Mathieu Robert



Chaire de recherche du Canada sur les éco-composites polymères

Niveau 2 - 2016-05-01
Université de Sherbrooke
Sciences naturelles et génie

819-821-8000, ext./poste 63138
Mathieu.Robert2@USherbrooke.ca

Objet de la recherche


Transformer et valoriser la biomasse agroalimentaire canadienne comme renforts innovants dans les composites polymères durables.

Importance de la recherche


Diminuer l’empreinte écologique des matériaux composites polymères, valoriser des produits de l’agriculture canadienne et développer l’activité économique en milieu rural.

Des pare-chocs avec des fibres de carotte!

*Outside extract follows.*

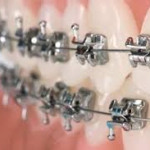 Что нового в механике на этапе завершения ортодонтического лечения?
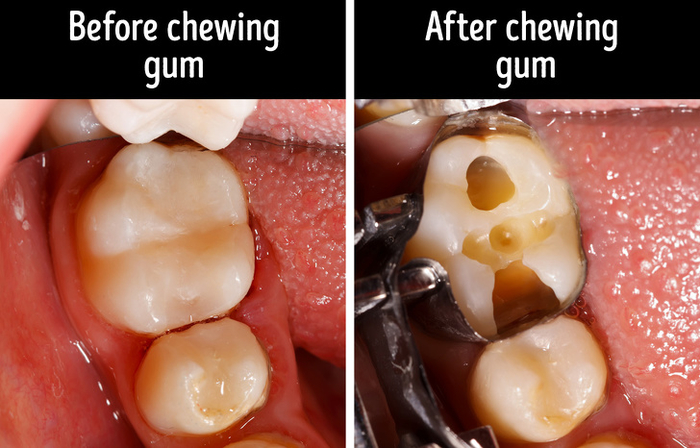13 thói quen xấu mà chúng ta vẫn hay lầm tưởng là vô hại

Utiliser des déchets agricoles ou une « mauvaise herbe » pour élaborer des matériaux durables et performants, voilà le défi que s’est lancé Mathieu Robert, titulaire de la Chaire de recherche du Canada sur les éco-composites polymères.

Le Canada est l’un des grands producteurs agricoles au monde. Il produit chaque année d’énormes quantités de déchets, comme de la paille, des légumes déclassés, des épluchures, etc., qui possèdent un grand potentiel économique souvent ignoré. Ainsi, la graine de lin, dont le Canada est le premier producteur mondial, génère annuellement 1,2 million de tonnes de paille, dont la majeure partie n’est pas valorisée. Parallèlement, l’industrie agroalimentaire produit des déchets qui contiennent des teneurs élevées en fibres et en nanocristaux d’amidon, utilisables dans des applications aussi diverses que l’emballage alimentaire, l’automobile, l’habillement ou le bâtiment.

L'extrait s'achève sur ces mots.